__Problem statement__
Write out the full listing exactly as given, minus the images.

··· Task inputs

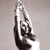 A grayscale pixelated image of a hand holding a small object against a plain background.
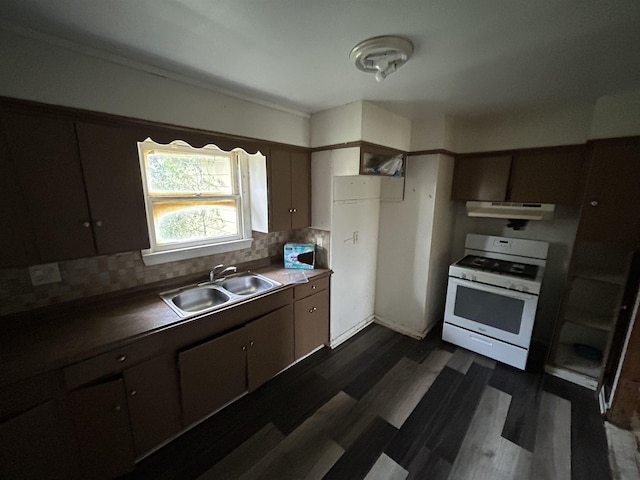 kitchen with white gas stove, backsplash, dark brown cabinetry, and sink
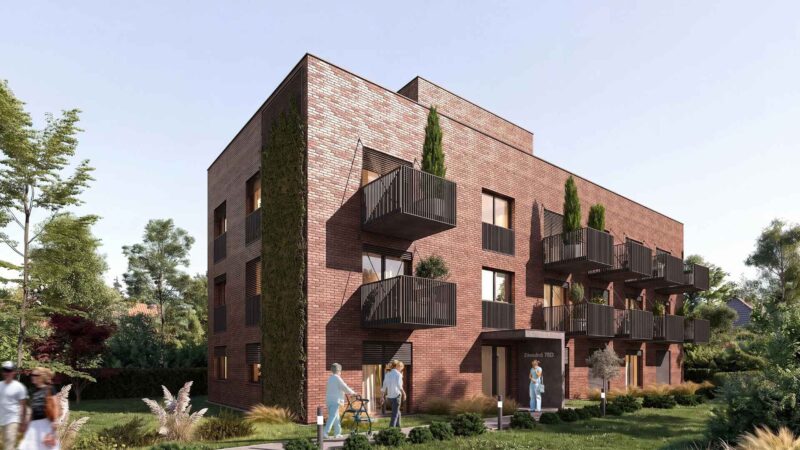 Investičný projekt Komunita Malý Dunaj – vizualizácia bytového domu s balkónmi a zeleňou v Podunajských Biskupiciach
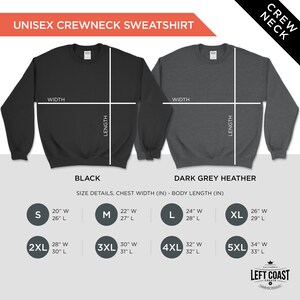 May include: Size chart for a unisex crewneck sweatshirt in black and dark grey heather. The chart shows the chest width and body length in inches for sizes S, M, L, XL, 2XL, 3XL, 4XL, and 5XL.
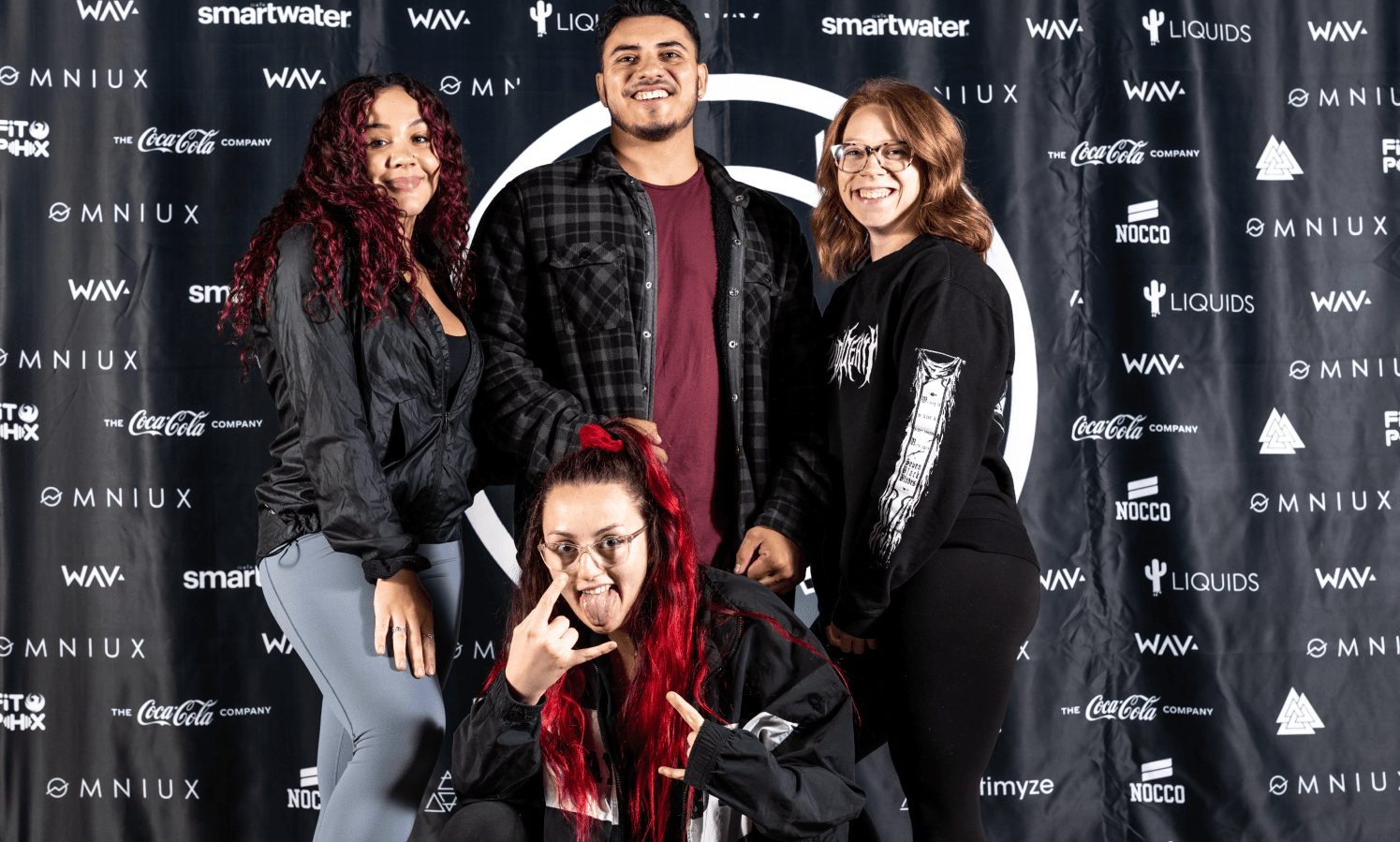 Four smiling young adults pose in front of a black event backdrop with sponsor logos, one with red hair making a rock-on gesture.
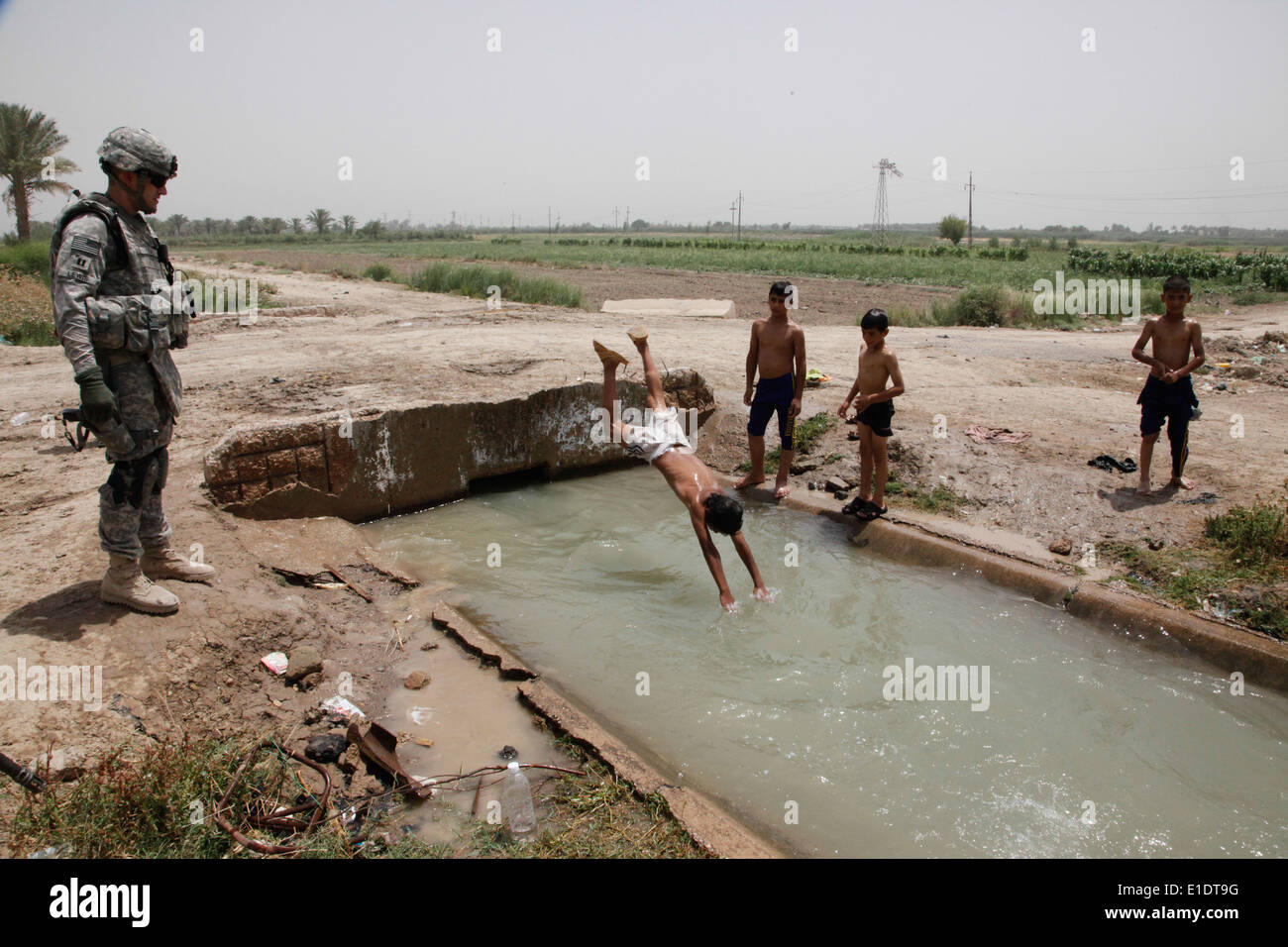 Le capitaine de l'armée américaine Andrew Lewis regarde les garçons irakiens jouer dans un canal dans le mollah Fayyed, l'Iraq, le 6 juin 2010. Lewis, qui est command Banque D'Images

······

__Solution to the problem__
 A grayscale pixelated image of a hand holding a small object against a plain background.
 kitchen with white gas stove, backsplash, dark brown cabinetry, and sink
 Investičný projekt Komunita Malý Dunaj – vizualizácia bytového domu s balkónmi a zeleňou v Podunajských Biskupiciach
 May include: Size chart for a unisex crewneck sweatshirt in black and dark grey heather. The chart shows the chest width and body length in inches for sizes S, M, L, XL, 2XL, 3XL, 4XL, and 5XL.
 Four smiling young adults pose in front of a black event backdrop with sponsor logos, one with red hair making a rock-on gesture.
 Le capitaine de l'armée américaine Andrew Lewis regarde les garçons irakiens jouer dans un canal dans le mollah Fayyed, l'Iraq, le 6 juin 2010. Lewis, qui est command Banque D'Images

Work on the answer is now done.